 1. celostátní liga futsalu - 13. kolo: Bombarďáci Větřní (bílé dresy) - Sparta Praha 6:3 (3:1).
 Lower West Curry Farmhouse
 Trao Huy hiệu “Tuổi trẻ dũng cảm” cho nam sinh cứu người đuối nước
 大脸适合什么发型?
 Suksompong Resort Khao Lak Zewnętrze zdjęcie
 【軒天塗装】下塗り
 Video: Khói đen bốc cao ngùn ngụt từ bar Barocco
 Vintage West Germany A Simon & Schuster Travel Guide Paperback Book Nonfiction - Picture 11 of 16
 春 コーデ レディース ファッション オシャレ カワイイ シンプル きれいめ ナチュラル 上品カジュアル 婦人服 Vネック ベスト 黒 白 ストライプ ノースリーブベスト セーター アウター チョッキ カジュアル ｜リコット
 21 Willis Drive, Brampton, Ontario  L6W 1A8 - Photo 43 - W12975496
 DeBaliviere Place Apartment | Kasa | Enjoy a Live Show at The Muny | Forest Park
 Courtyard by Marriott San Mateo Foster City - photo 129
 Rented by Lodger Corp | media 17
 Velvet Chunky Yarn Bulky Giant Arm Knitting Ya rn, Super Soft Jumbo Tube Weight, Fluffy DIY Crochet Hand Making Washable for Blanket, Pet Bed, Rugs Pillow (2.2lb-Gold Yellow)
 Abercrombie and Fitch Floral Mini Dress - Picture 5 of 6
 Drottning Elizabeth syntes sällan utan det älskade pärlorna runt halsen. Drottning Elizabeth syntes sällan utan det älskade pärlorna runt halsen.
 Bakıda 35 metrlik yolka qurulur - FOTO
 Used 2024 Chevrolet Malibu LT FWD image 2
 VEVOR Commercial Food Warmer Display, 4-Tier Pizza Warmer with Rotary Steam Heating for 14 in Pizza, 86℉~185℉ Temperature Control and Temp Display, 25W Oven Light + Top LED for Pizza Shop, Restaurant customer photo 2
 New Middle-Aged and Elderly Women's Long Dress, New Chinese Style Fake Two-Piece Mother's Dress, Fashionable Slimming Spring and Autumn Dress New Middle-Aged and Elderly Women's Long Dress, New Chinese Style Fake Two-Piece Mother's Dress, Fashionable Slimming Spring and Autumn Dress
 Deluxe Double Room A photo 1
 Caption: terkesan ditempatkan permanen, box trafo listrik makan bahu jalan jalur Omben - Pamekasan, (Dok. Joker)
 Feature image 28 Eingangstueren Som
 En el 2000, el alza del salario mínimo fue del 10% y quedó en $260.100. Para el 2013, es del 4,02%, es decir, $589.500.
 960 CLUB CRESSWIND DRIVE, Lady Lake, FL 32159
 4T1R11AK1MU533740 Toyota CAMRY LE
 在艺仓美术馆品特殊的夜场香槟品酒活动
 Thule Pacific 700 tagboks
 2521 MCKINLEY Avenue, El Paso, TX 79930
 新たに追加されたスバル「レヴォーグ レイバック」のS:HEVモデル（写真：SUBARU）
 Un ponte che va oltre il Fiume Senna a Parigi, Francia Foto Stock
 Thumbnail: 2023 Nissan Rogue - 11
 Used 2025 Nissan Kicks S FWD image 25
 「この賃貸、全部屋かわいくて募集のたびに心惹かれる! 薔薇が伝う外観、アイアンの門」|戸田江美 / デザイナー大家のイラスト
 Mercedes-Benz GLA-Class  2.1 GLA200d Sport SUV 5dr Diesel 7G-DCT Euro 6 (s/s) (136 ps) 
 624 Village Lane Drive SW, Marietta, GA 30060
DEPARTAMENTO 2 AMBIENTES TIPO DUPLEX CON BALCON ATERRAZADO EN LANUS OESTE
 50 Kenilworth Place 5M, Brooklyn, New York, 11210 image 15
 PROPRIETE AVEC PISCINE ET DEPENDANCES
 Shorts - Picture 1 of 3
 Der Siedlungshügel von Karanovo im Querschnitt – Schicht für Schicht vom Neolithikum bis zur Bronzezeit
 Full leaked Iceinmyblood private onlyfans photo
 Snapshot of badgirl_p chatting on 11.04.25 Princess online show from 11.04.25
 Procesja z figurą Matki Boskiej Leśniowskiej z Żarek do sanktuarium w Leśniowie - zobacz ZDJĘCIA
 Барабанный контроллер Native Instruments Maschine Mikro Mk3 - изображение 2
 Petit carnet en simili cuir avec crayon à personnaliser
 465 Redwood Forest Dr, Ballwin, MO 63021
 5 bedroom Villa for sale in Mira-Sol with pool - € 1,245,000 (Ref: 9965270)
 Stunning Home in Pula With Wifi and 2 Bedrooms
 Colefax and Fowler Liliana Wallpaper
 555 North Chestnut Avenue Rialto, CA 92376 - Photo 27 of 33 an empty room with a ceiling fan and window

──────

- What to work on -
Your reply should hold every line from the data that contains "Picture", copied in full.

- Your response -
 Vintage West Germany A Simon & Schuster Travel Guide Paperback Book Nonfiction - Picture 11 of 16
 Abercrombie and Fitch Floral Mini Dress - Picture 5 of 6
 Shorts - Picture 1 of 3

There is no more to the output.